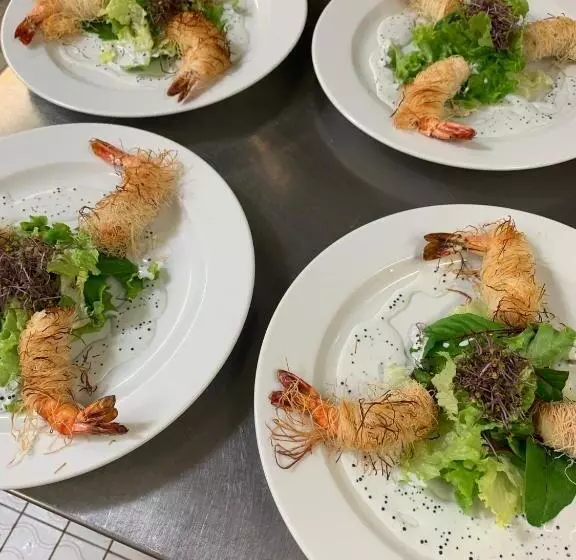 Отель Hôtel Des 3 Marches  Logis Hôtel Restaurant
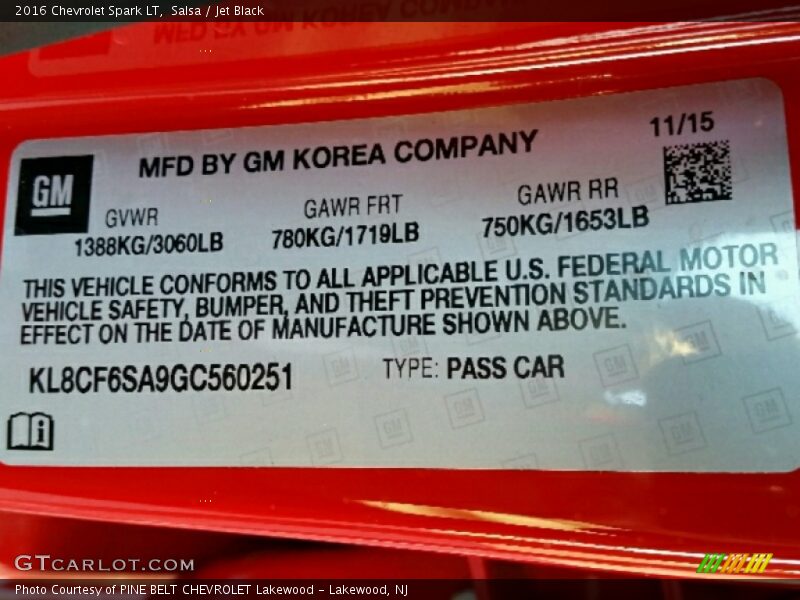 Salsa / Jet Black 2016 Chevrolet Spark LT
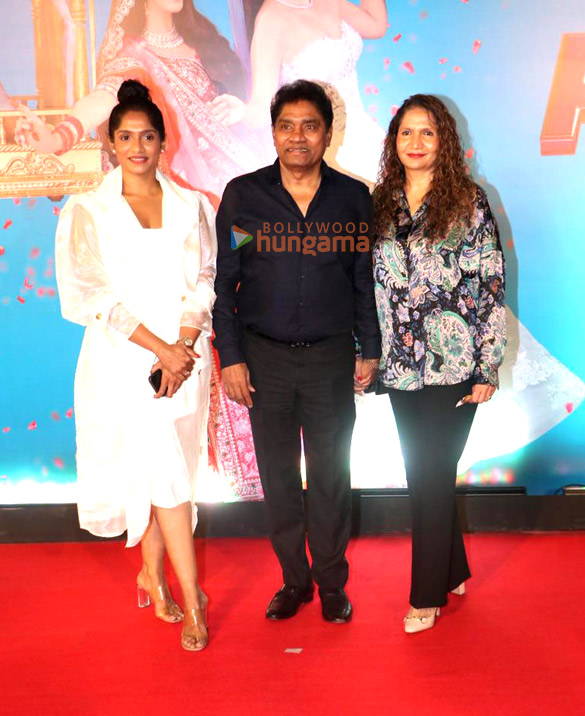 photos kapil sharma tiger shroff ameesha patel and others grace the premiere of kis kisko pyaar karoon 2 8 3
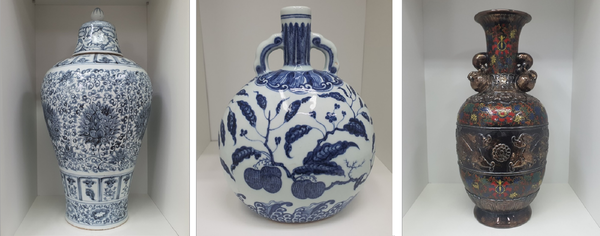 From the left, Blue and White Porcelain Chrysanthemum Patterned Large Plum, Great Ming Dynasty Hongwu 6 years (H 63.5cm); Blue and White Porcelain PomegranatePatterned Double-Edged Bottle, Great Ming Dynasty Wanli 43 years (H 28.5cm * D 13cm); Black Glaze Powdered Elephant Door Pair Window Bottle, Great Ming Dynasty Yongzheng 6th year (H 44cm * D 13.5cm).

━━━━━━━━━━━━━━━━━━━━━━━━━━━━━━

Directions:
Each line of the data above must be reproduced as written. Skip the pictures.

Result:
 Отель Hôtel Des 3 Marches  Logis Hôtel Restaurant
 Salsa / Jet Black 2016 Chevrolet Spark LT
 photos kapil sharma tiger shroff ameesha patel and others grace the premiere of kis kisko pyaar karoon 2 8 3
 From the left, Blue and White Porcelain Chrysanthemum Patterned Large Plum, Great Ming Dynasty Hongwu 6 years (H 63.5cm); Blue and White Porcelain PomegranatePatterned Double-Edged Bottle, Great Ming Dynasty Wanli 43 years (H 28.5cm * D 13cm); Black Glaze Powdered Elephant Door Pair Window Bottle, Great Ming Dynasty Yongzheng 6th year (H 44cm * D 13.5cm).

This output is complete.